The lodging of the notice of appeal is not irrelevant or ritualistic formality. Beyond initiating the appeal, it also serves to notify the prospective respondent that the intended appellant has opted to escalate the legal battle to the appellate court,...”
That being said, given that the application was also brought under Section 357(1) of the Criminal Procedure Code, it is also important that i interrogate the provision. It is my candid view that the provision would be applicable in the instant case only if there lies an appeal before the Court of Appeal. I restate the same as under;
“After the entering of an appeal by a person entitled to appeal, the High Court, or the subordinate court which convicted or sentenced that person, may order that he be released on bail with or without sureties, or, if that person is not released on bail, shall at his request order that the execution of the sentence or order appealed against shall be suspended pending the hearing of his appeal:”

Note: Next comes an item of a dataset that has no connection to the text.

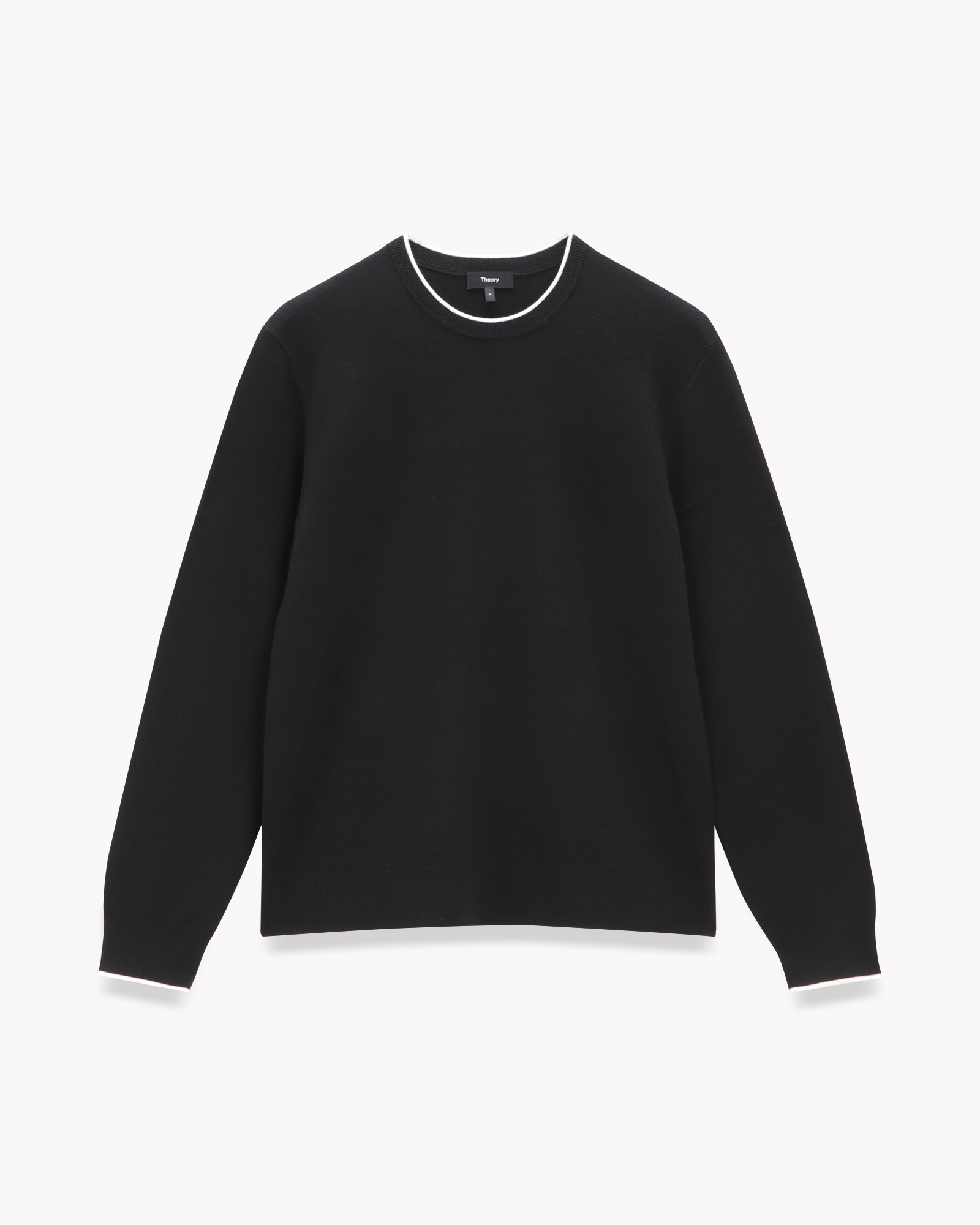 Regal Merino Arnaud Crew ET | MEN | Theory [セオリー] 公式通販サイト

As framed, the provision contemplates that there must be in existence an appeal filed before a court of higher jurisdiction before an application for bail pending appeal can be considered. As I have found, no appeal lies to the Court of Appeal, a Notice of Appeal therein having been filed under the wrong provision of law. I would hope then that the applicant will take the earliest opportunity to amend the said Notice of Appeal before the date of the hearing of the appeal to mitigate against any likelihood of a negative outcome. As at now, I belabor repeat myself that the application is fatally flawed and this court therefore lacks the jurisdiction to entertain it.

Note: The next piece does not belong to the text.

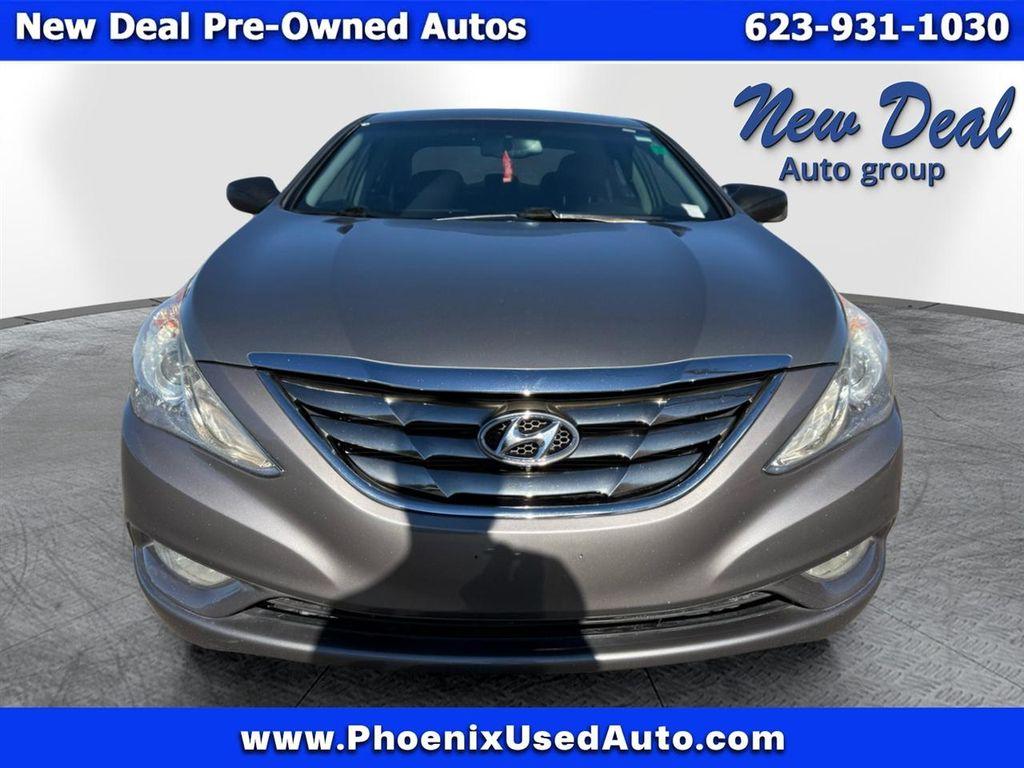 used 2013 Hyundai Sonata car, priced at $6,988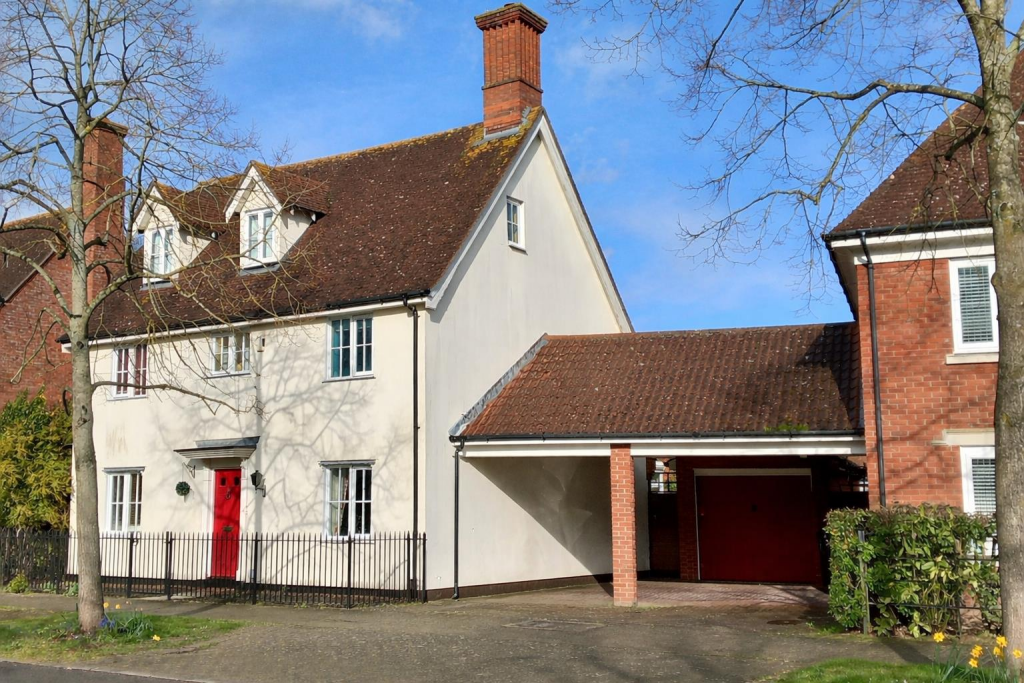 Main image of property: Cuckoo Way, Great Notley, Braintree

The foregoing notwithstanding, this court has stumbled on an order of the Court of Appeal inCriminal Application NAI 5 of 2016 (UR5/2016) between Joseph Mureithi Kanyita and Rupublic issued by Hon. Githinji, Visram & Murgor, JJA on 22nd March, 2017. The same was issued pursuant to an application dated 13th October, 2016 by the Applicant herein for bail pending appeal. As at the time of hearing that application, the Applicant had not filed a substantive appeal. Learned counsel for the Applicant Mr. Owang informed the court that he would be in a position to file a substantive appeal within seven days. He accordingly withdrew the application under Rule 52 of that Court’s Rules. The court then directed that the appeal be filed within seven days and the same be heard on priority basis at the beginning of the new term.

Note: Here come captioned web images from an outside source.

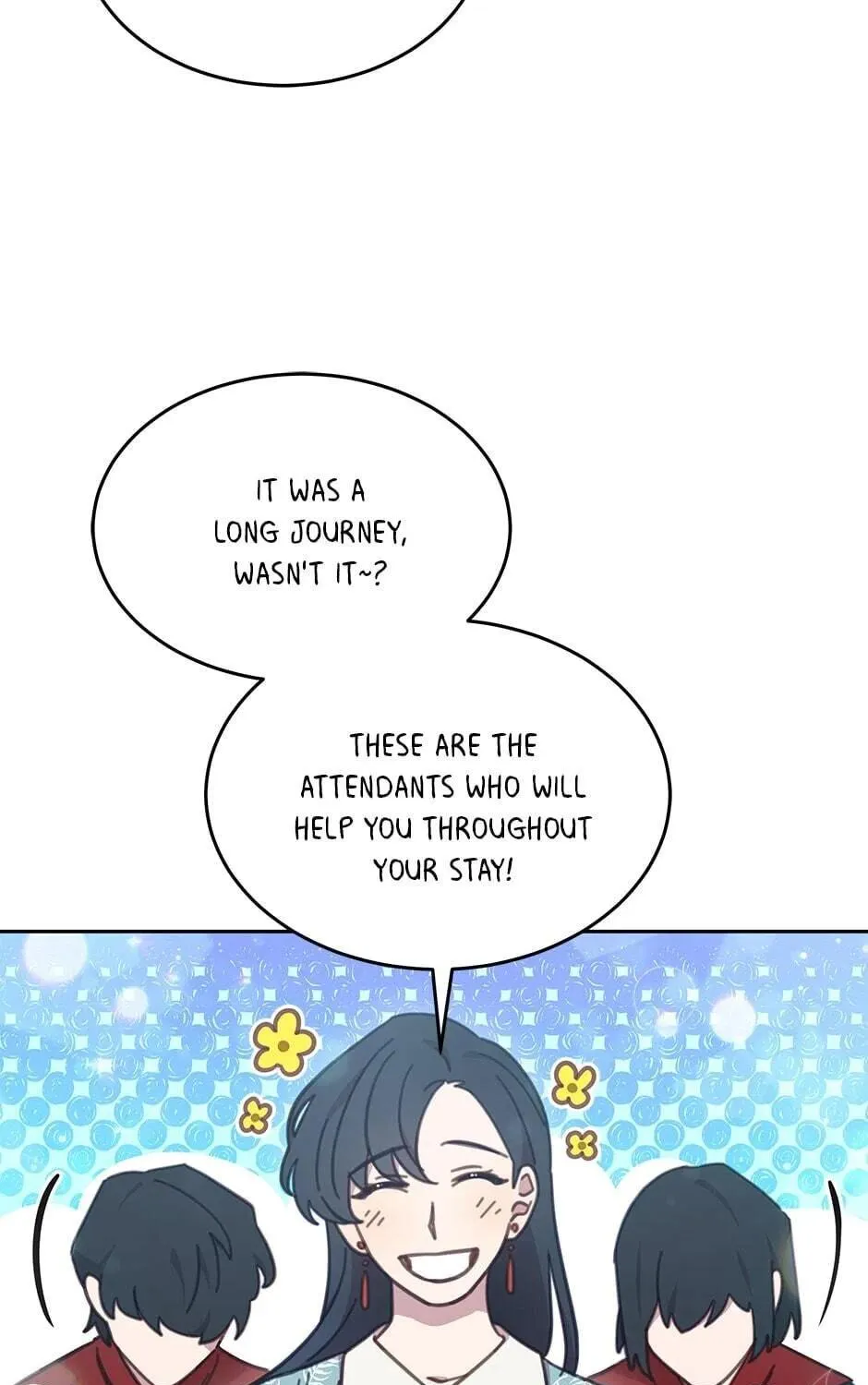 The Legendary Beasts Animal Hospital Chapter 38 page 17 - 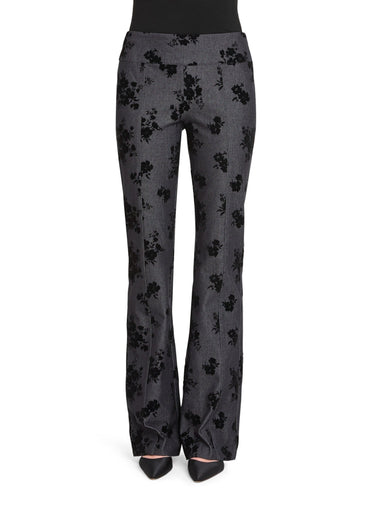 Amanda Uprichard Regency Pants in Indigo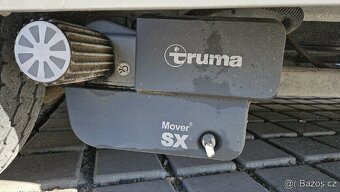 Karavan Hymer Eriba Nova 540A, mover, solar, stan - 7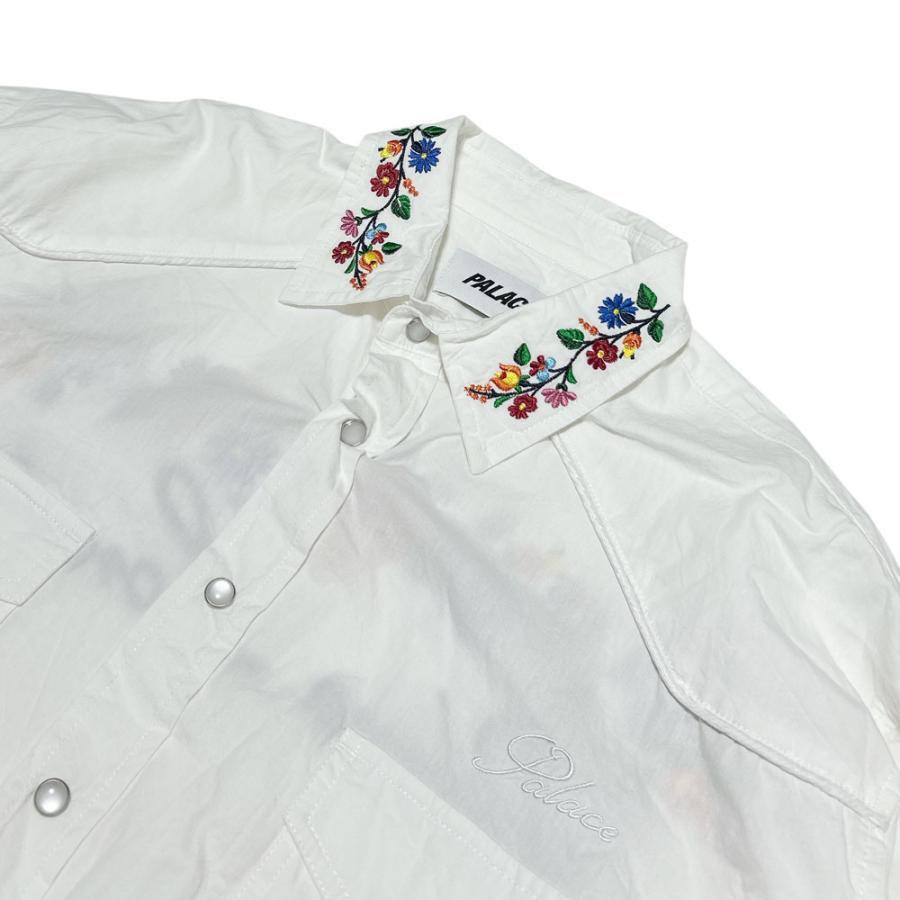 PALACE HOTELホワイト ロングシャツ ロングシャツ ホワイト – shop ubusuna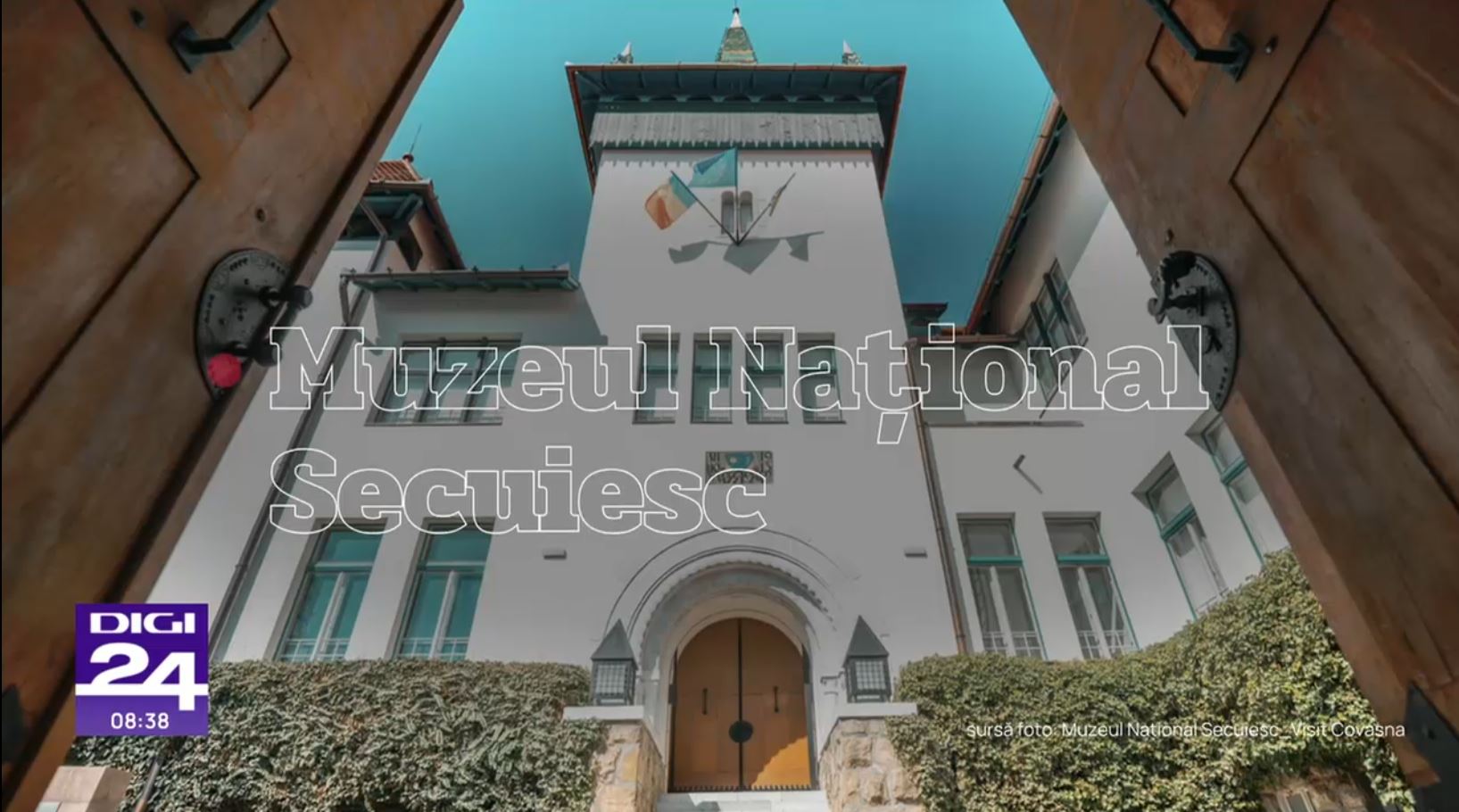 Muzeul Național Secuiesc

I have taken the liberty to mention the above because of two things. One, the Applicant filed the current application with full the knowledge that he had filed a similar application before the Court of Appeal. Whereas that is his right, his action may be construed to imply that he is hopping from court to court seeking a favourable outcome. I say so because going by the record, as at the time he filed the instant application, he had not withdrawn the application before the Court of Appeal. His action definitely amounts to an abuse of court process. Two, since the Court of Appeal has directed that the appeal to that court be heard on priority basis at the beginning of the next term which commences in April, this year means that the Applicant will not be prejudiced by a delay in hearing the appeal. He is not therefore likely to serve the sentence before the appeal is heard and determined.
In the end, I find the application without merit and the same is dismissed.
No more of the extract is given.